Example: Find the limit if it exists

\lim_{x \to 3}\left (\frac{\left |x-3\right |}{x-3}\right ).


If we plug in x=2, we get

\lim_{x \to 3}\left (\frac{\left |x-3\right |}{x-3}\right )=\frac{\left |3-3\right |}{3-3}=\frac{0}{0}, an indeterminate form.

So we can’t find the limit by substitution.

We will find the limit by using the definition of Absolute Value function.

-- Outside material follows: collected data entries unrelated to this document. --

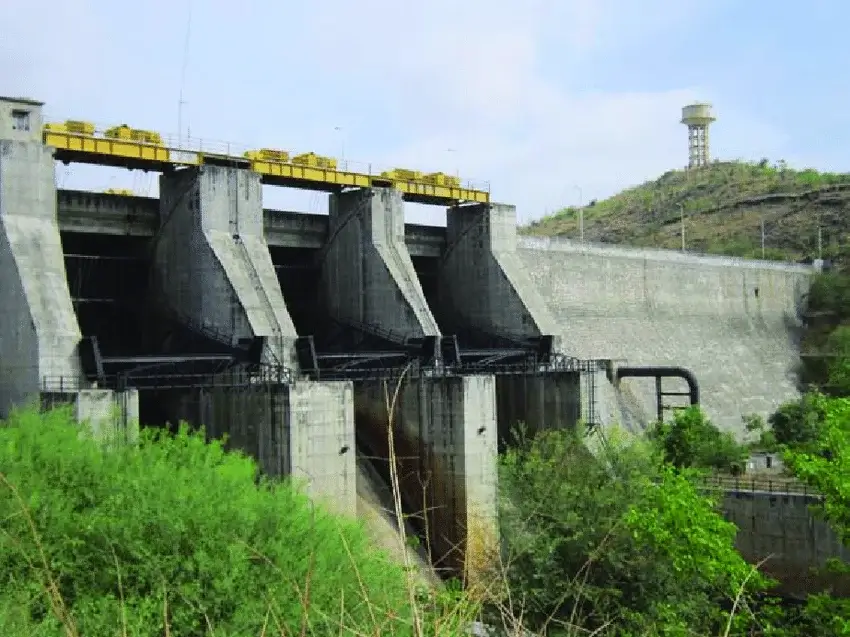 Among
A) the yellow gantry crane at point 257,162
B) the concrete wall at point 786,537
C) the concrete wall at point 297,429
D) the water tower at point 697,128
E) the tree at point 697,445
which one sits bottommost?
the concrete wall at point 786,537

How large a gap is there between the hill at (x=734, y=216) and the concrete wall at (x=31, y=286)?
50.0 m

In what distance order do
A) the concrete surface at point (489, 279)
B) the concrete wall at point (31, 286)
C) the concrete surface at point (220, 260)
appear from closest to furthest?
1. the concrete wall at point (31, 286)
2. the concrete surface at point (220, 260)
3. the concrete surface at point (489, 279)

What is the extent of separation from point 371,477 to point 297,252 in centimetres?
934

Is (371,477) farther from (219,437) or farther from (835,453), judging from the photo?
(835,453)

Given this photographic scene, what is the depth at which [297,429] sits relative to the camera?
2131cm

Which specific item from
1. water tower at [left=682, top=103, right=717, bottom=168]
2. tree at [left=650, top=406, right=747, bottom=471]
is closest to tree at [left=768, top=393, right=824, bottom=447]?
tree at [left=650, top=406, right=747, bottom=471]

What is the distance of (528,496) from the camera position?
76.0 feet

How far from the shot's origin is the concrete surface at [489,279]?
34031 mm

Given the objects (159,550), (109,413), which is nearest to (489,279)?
(109,413)

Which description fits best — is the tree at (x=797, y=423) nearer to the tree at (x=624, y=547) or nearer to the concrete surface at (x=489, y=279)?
the concrete surface at (x=489, y=279)

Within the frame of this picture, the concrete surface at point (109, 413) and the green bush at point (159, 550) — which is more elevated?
the concrete surface at point (109, 413)

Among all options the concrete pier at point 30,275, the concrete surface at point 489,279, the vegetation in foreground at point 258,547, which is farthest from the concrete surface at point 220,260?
the concrete surface at point 489,279

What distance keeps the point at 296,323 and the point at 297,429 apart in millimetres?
11002

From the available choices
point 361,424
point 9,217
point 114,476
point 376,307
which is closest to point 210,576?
point 114,476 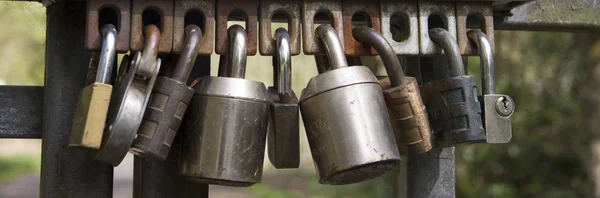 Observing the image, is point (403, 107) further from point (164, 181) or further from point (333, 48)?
point (164, 181)

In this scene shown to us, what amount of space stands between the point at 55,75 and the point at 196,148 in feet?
0.82

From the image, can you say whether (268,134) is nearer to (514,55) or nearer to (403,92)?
(403,92)

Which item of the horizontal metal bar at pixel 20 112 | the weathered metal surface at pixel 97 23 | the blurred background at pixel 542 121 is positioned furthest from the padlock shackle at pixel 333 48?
the blurred background at pixel 542 121

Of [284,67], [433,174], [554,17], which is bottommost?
[433,174]

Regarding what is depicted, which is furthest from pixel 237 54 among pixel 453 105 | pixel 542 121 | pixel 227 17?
pixel 542 121

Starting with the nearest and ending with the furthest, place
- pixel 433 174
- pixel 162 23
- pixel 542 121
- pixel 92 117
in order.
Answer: pixel 92 117, pixel 162 23, pixel 433 174, pixel 542 121

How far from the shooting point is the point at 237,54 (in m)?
0.76

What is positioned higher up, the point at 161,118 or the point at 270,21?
the point at 270,21

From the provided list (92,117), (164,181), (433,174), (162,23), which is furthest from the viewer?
(433,174)

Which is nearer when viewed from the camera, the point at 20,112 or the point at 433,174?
the point at 20,112

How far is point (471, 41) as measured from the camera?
856 mm

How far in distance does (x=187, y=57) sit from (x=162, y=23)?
0.06 meters

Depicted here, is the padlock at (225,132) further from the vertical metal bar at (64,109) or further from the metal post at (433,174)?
the metal post at (433,174)

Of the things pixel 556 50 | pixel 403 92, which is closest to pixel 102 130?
→ pixel 403 92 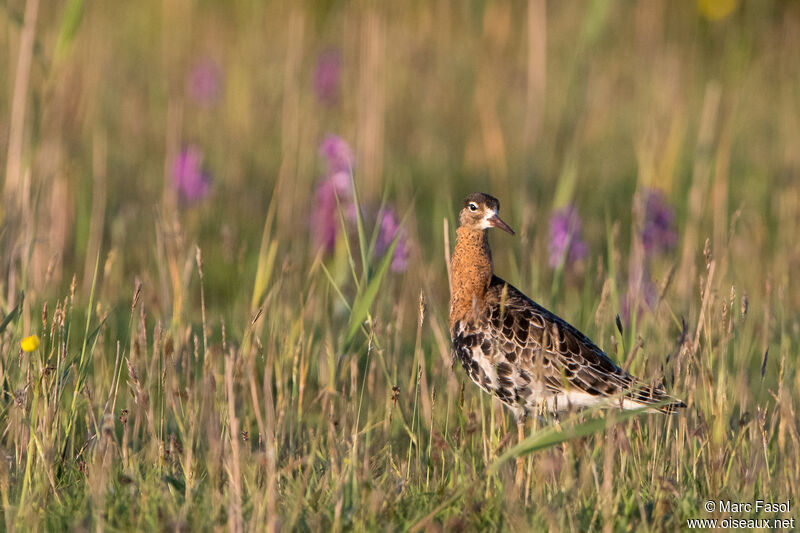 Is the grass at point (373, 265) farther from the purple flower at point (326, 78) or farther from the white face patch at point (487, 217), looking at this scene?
the white face patch at point (487, 217)

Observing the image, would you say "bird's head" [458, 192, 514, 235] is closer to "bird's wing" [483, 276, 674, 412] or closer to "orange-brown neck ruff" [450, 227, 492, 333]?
"orange-brown neck ruff" [450, 227, 492, 333]

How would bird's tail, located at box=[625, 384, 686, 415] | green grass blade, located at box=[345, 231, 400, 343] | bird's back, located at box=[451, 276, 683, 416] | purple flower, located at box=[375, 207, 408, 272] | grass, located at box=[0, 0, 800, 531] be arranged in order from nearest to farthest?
grass, located at box=[0, 0, 800, 531], green grass blade, located at box=[345, 231, 400, 343], bird's tail, located at box=[625, 384, 686, 415], bird's back, located at box=[451, 276, 683, 416], purple flower, located at box=[375, 207, 408, 272]

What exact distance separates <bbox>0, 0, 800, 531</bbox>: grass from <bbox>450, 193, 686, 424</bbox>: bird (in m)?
0.11

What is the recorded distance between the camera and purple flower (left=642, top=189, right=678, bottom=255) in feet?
16.7

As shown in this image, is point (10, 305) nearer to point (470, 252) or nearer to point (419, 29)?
point (470, 252)

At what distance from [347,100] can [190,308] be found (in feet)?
11.1

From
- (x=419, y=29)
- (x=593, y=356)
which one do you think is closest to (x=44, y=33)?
(x=419, y=29)

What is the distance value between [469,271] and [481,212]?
23 centimetres

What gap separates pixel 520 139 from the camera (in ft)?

The Absolute Value function is defined by

Absolute value function

Using this definition we can write

Absolute value function mod x-3

Now we have the value of \frac{\left |x-3\right |}{x-3} when x\geq 0 and x<0

So we have to find both the right-hand limit and the left-hand limit.

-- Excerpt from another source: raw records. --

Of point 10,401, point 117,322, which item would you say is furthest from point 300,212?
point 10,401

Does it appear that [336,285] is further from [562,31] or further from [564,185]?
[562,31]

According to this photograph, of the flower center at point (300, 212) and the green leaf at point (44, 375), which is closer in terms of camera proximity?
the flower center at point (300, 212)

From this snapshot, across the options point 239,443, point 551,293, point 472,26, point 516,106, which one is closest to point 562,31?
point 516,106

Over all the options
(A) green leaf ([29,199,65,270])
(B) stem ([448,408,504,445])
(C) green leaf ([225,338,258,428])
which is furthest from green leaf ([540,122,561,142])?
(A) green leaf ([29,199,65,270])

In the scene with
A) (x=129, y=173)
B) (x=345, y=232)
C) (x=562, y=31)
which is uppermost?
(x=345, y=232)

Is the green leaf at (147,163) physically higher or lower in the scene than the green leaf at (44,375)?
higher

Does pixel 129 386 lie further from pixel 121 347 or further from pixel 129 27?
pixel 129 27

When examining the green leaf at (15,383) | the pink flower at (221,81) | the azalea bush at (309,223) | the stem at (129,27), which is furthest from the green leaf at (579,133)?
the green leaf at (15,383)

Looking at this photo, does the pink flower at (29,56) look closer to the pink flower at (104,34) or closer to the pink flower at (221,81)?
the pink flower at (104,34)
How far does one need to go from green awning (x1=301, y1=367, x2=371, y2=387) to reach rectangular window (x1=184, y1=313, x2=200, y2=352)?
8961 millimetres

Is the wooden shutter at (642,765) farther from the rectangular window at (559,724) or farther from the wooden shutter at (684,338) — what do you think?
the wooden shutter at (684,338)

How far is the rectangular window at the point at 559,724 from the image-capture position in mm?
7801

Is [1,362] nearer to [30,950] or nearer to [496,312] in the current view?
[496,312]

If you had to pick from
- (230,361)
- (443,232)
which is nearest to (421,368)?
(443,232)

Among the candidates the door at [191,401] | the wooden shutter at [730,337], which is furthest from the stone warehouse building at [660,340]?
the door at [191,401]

\: \: \: \: \: \: \: \lim_{x \to 3+}\frac{\left |x-3\right |}{x-3}=\frac{x-3}{x-3}=1

and \lim_{x \to 3-}\frac{\left |x-3\right |}{x-3}=\frac{-(x-3)}{x-3}=-1

See that

\lim_{x \to 3+}\frac{\left |x-3\right |}{x-3}=1\neq -1=\lim_{x \to 3-}\frac{\left |x-3\right |}{x-3}

i.e., Right hand limit \neq Left hand limit

\therefore \lim_{x \to 3}\left (\frac{\left |x-3\right |}{x-3}\right ) does not exists.

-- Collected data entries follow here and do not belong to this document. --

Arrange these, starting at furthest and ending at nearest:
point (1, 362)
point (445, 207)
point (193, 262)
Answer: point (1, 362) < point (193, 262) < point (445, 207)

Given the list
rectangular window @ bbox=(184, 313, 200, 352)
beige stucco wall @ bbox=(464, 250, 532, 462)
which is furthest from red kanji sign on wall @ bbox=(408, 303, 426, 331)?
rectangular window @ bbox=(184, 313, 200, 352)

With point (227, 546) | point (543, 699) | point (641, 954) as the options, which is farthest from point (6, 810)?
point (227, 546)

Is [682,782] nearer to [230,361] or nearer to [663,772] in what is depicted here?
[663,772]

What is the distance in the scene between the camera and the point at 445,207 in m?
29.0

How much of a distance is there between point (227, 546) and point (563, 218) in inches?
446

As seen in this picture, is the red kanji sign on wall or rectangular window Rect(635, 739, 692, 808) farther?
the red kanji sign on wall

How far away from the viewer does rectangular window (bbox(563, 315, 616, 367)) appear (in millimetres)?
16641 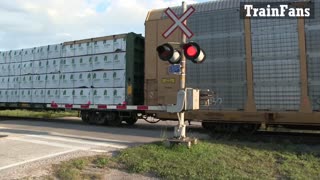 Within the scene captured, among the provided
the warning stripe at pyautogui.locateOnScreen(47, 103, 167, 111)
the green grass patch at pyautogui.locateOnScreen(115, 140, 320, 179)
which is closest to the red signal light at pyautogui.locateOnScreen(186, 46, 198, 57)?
the green grass patch at pyautogui.locateOnScreen(115, 140, 320, 179)

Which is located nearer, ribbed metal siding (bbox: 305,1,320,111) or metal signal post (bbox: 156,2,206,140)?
metal signal post (bbox: 156,2,206,140)

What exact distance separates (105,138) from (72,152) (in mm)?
2978

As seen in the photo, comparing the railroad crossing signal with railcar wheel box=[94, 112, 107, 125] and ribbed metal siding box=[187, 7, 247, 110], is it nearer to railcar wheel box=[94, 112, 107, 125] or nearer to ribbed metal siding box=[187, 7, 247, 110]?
ribbed metal siding box=[187, 7, 247, 110]

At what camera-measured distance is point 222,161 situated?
8289 mm

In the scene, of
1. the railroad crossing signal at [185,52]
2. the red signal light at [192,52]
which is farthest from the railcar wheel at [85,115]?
the red signal light at [192,52]

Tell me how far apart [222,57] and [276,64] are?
181 centimetres

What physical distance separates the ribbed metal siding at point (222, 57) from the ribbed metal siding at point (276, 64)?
48 centimetres

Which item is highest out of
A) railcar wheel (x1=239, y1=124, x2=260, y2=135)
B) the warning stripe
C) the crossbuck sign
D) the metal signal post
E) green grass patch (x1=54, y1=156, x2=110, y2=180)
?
the crossbuck sign

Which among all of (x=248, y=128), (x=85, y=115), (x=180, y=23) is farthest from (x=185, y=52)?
(x=85, y=115)

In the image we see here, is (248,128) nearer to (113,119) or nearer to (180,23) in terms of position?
(180,23)

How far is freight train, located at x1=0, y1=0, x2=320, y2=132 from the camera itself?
12.0 m

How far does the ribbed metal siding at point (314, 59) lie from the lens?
11688 millimetres

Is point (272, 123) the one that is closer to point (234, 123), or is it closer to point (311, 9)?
point (234, 123) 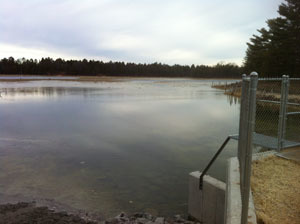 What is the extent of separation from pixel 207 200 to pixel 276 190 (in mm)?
1185

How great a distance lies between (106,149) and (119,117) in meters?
6.17

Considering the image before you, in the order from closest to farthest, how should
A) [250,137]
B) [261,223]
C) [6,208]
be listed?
[250,137] < [261,223] < [6,208]

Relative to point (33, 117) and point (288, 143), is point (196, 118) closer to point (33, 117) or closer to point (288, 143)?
point (288, 143)

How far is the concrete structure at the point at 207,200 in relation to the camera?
13.4ft

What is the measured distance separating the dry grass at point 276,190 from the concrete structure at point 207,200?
1.95 feet

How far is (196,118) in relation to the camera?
14258mm

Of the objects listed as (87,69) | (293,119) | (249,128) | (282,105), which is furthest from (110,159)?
(87,69)

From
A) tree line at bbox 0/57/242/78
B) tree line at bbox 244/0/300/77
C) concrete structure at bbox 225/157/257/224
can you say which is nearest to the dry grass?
concrete structure at bbox 225/157/257/224

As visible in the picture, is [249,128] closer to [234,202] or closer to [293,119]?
[234,202]

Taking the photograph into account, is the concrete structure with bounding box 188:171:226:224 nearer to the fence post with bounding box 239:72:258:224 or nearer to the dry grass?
the dry grass

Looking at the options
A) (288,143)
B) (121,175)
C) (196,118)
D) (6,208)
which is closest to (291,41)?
(196,118)

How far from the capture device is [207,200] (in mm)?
4355

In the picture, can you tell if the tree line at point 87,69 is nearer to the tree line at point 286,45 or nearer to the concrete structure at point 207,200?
the tree line at point 286,45

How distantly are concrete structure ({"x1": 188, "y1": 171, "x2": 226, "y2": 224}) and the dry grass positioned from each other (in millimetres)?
595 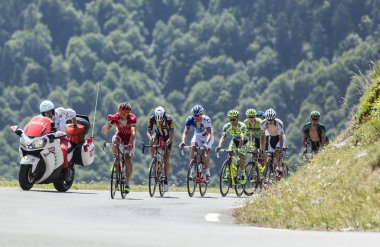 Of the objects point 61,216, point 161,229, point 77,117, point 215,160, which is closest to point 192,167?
point 77,117

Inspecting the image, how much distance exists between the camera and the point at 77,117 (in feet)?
78.6

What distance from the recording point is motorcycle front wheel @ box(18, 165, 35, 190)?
69.7ft

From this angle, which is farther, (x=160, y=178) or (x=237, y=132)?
(x=237, y=132)

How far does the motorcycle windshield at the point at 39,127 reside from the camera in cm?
2147

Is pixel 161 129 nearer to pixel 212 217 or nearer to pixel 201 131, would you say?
pixel 201 131

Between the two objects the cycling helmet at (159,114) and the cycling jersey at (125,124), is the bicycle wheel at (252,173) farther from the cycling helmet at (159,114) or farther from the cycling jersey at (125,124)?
the cycling jersey at (125,124)

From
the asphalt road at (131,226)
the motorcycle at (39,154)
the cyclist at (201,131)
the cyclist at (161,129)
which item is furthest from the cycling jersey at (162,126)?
the asphalt road at (131,226)

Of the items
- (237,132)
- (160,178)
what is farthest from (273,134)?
(160,178)

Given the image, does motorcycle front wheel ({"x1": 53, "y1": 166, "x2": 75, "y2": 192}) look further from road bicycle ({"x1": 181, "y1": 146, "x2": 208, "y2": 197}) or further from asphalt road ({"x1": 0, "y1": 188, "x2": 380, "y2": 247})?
asphalt road ({"x1": 0, "y1": 188, "x2": 380, "y2": 247})

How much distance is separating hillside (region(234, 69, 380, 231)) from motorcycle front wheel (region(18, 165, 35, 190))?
5.00 meters

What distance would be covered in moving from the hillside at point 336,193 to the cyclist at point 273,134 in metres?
5.00

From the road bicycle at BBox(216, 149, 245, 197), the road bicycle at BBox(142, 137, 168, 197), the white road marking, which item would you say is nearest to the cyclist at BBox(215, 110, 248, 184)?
the road bicycle at BBox(216, 149, 245, 197)

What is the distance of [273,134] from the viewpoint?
84.7 ft

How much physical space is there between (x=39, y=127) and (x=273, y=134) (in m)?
6.20
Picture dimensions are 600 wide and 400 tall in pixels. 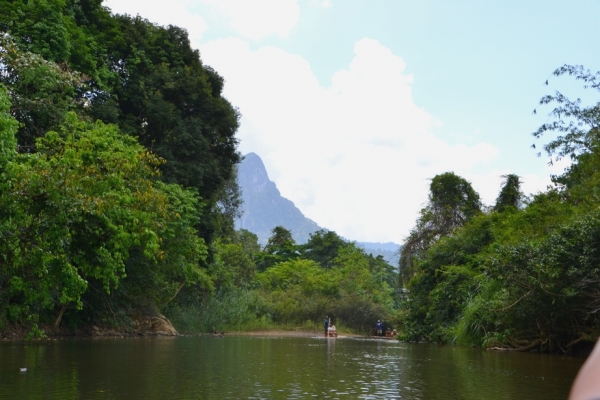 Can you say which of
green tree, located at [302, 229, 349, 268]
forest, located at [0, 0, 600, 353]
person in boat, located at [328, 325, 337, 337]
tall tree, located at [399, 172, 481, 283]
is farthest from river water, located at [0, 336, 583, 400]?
green tree, located at [302, 229, 349, 268]

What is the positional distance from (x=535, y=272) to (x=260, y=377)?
39.3 ft

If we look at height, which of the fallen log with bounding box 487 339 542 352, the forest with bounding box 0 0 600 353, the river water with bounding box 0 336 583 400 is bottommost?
the river water with bounding box 0 336 583 400

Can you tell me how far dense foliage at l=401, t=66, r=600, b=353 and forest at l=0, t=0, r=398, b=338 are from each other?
38.3ft

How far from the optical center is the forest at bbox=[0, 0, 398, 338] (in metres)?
14.5

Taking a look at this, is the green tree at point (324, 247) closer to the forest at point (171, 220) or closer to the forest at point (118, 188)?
the forest at point (118, 188)

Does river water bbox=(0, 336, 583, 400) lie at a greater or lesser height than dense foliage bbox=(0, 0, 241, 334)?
lesser

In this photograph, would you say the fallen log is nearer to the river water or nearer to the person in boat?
the river water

#7. Limit of the form of sinx/x

Evaluate \lim_{x \to 0}\frac{\sin 3x}{x}

Substituting x=0, we get

\lim_{x \to 0}\frac{\sin 3x}{x}=\frac{\sin (3\times 0)}{0}=\frac{\sin 0}{0}=\frac{0}{0}, an indeterminate form.

Therefore we can not find the limit using Direct Substitution.

In such types of problems we use the Limit property given below:

Rule: \lim_{x \to 0}\frac{\sin x}{x}=1, where x is measured in radian (i.e., in circular measure).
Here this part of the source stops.